Aside from the fitness tracking, the Fitbit Charge HR also has other features like Caller ID, auto sleep, and a silent alarm. It also syncs your health stats wireless to either your computer or to Fitbit-compatible smartphones. If you’re the competitive type, you can upload your stats through a Fitbit leaderboard to earn achievements like a video game.
Apple Watches are probably one of the coolest looking smartwatches out there. Unfortunately, they also have a pretty cool price tag of around $400. Yikes!
Luckily, the Amazfit Bip brings the same aesthetic and a slew of premium features, but at a fraction of the cost. For 1/5th of the price of an Apple Watch, the Bip provides a stylish smartwatch with a touch screen, smartphone connectivity to receive notifications, GLONASS for workout tracking, GPS, and a very respectable battery life. Its built-in heart rate monitor is also fairly accurate, a rare feat considering many heart-rate tracking devices are pretty unreliable.
The Bip’s battery life is pretty impressive: even with GPS, heart rate monitoring, and work-out tracking turned on and used every day, it still took us two weeks to get the battery below 50%. This is made even more impressive considering that the Bip’s always-on display consists of a 1.28-inch, 176×176-pixel color screen that would drain any other smartwatches battery in a matter of a couple of days.
Despite its upsides, the Bip isn’t perfect: one of its most glaring shortcomings is its lack of an app store. Unlike first-party providers like Samsung, Fitbit, or Apple, the Amazfit Bip doesn’t have a native app where you can download external apps.

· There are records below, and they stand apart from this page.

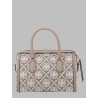 BORSA A BAULETTO "T MONOGRAM PETITE"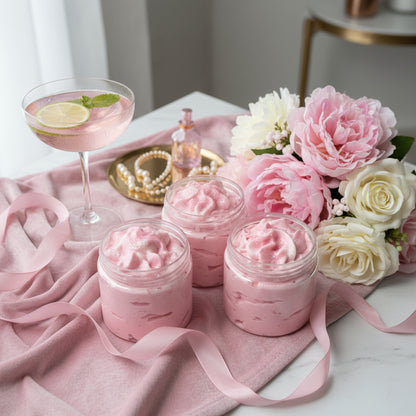 Whipped Sugar Scrub/Polish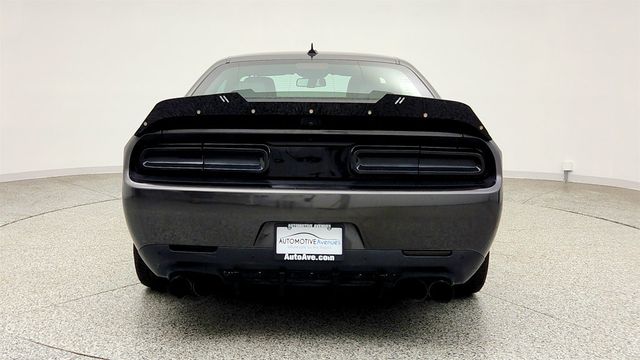 2022 Dodge Challenger R/T Scat Pack Widebody w/ Plus Pkg & Driver Convenience Group - 23014381 - 5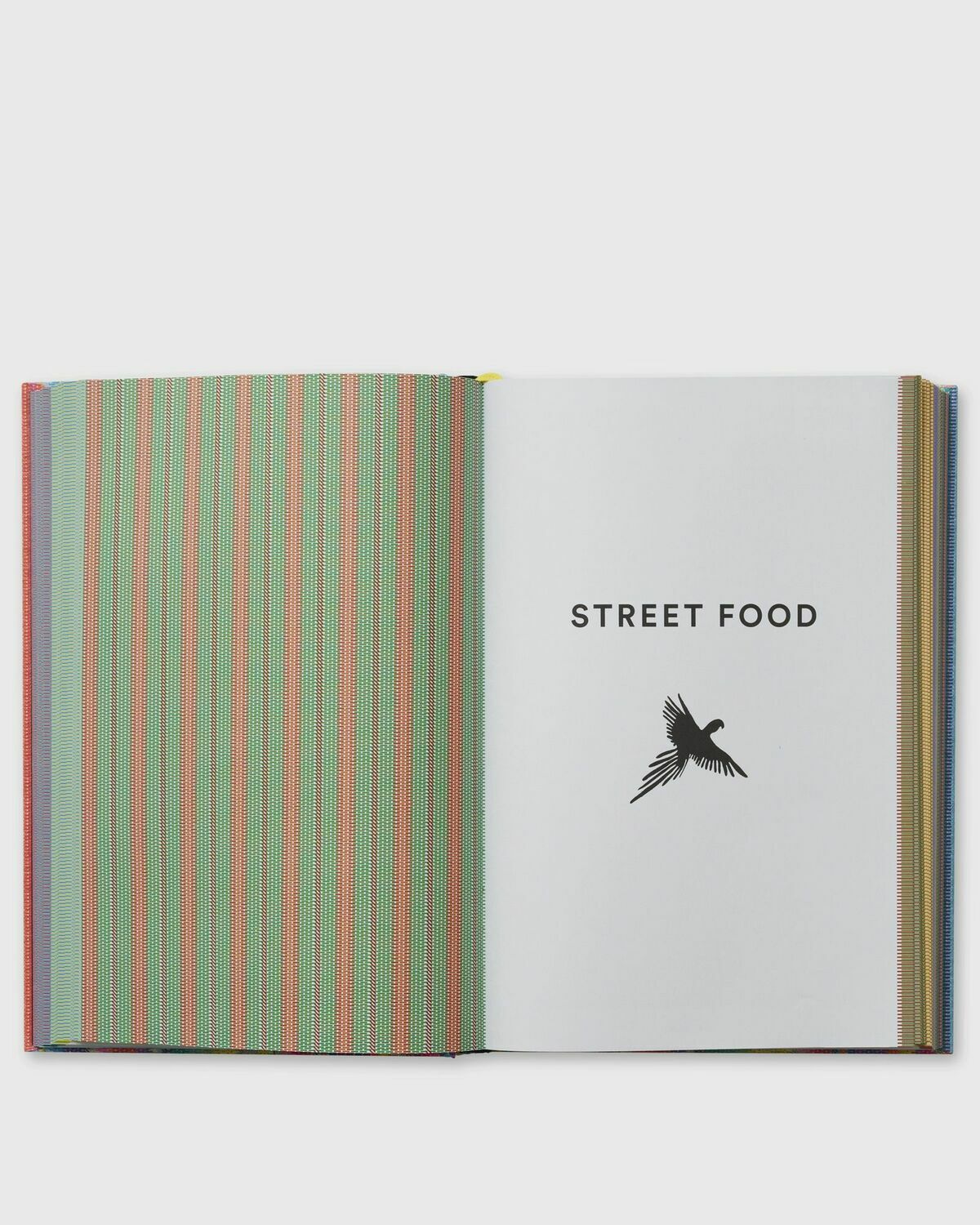 PHAIDON "Peru: The Cookbook" by Gaston Acurio Multi-color Mens Food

But, at less than $80, it’s not the worst thing to give up for a third-party manufactured smartwatch that can compete in the big leagues.

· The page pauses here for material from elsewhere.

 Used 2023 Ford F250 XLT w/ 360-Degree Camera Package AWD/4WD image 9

Our Top Pick: Pebble Time Smart Watch
Since its humble beginnings as a Kickstarter project way back in 2012, Pebble has led the smartwatch/wearable tech industry ever since, breaking record after record in crowdfunding history and selling millions of smartwatches in the market.
Pebble has always relied on its unique look and proprietary OS to outsell its competition, and so far, they’ve been wildly successful. The Pebble Time is no exception: the watch is very smooth and slim, consisting primarily of matte plastic, save for its metal bezel. Round corners give the Pebble Time a very accessible, casual, and smart look that doesn’t try too hard to be en vogue or sporty: it’s just right.
The Pebble Time uses a 1.25-inch ePaper display and is the first Pebble smartwatch to have a color screen. Through the Pebble App store, which has an impressive 8000++ apps in its library, you can download any external apps you might need, whether it’s weather or fitness tracking, or even customized alarms.
It can be synced with your smartphone so the Pebble Time can display most notifications like text messages, event reminders, calls, emails, and others. The Pebble Time also has a sleep and activity tracker that can monitor sleep quality and steps taken throughout the day.
It’s not a perfect watch, however: the Pebble Time doesn’t come with heart-monitoring nor GPS. The ePaper display, while providing amazing contrast, is worlds apart from OLED or LCD’s image quality. However, these downsides pale in comparison to the amount of other things the Pebble Time is capable of.